State preps pay cut law despite talks progress

Despite claims by the Labour Relations Commission chief that up to 10 unions that rejected Croke Park II may now vote in favour, the Government is continuing to draft legislation for pay cuts in case the majority of unions reject terms again.

Kieran Mulvey said he and his officials believe they have the agreement in principle “of potentially 10 unions who were opposed” last week.

One of those unions, the Irish Medical Organisation (IMO), said it hoped to secure an agreement which it could put to members in the coming weeks.

Steve Tweed, its director of industrial relations, said: “We have had more engagement in the past week than we were able to get throughout the whole process of the Croke Park II talks and we’ve made important progress on some substantial issues.”

The Government has agreed to examine a money- saving proposal from the IMO and Irish Nurses and Midwives Organisation (INMO) which would see the transfer of certain tasks such as drawing blood from non-consultant hospital doctors to nurses.

A two-week trial is to be carried out at the Mater Hospital in Dublin and Tullamore Hospital.

Liam Doran, the INMO general secretary, said that the continuation of such co-operation was contingent on the Government not imposing cuts to premium payments and extending the working week of nurses.

“As far as we are concerned, the proposals to cut premiums and extend the working week that were rejected by our members continue to be objectionable. If people impose cuts on our members then the reform of the health service will die very quickly.”

This uncertainty promp-ted the Department of Public Expenditure and Reform to say that, as a contingency measure, it would continue to prepare legislation to achieve the required savings.

The potential deals which Mr Mulvey has so far brokered are mainly sectoral. The department said that the Government’s preferred option was an overarching collective agreement, but that “it is prepared to enter into agreement with individual trade unions in the absence of an overarching collective agreement”.

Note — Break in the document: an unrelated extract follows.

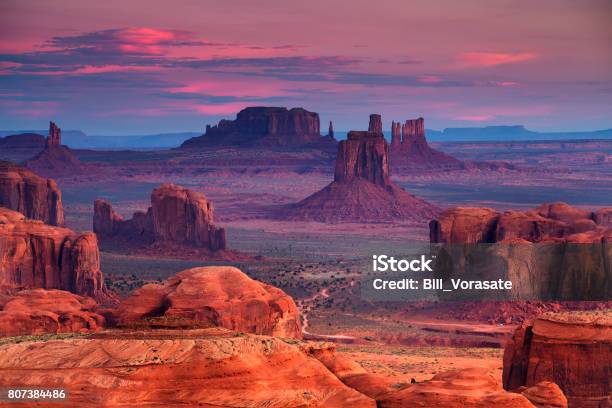 Hunts Mesa Navajo Tribal Majesty Place Near Monument Valley Arizona Usa Stock Photo - Download Image Now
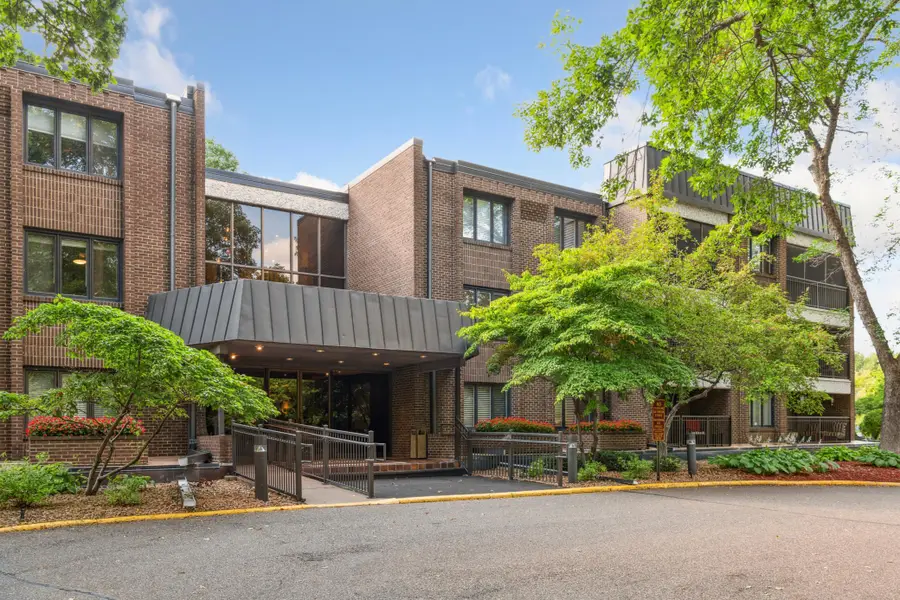 3412 Oak Ridge Road #211, Hopkins, MN 55305 - #3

The Garda Representative Association (GRA) said it cautiously welcomed the pay proposals and members would be balloted shortly.

“The central executive committee of the GRA acknowledges that premium payments for working un-social hours have not been reduced; and allowances remain untouched.

“The recent roster changes have transformed service delivery; but with decreasing numbers and resources, and no recruitment, the savings made in these proposals will have a direct benefit to the State, while minimising impact on an already stretched policing service and the personal wellbeing of our members who provide that service.

“Moreover, the GRA sees it as a highly significant development for industrial relations, as this is the first time that members of the gardaí have been afforded the opportunity to negotiate directly with their employers on their terms and conditions.”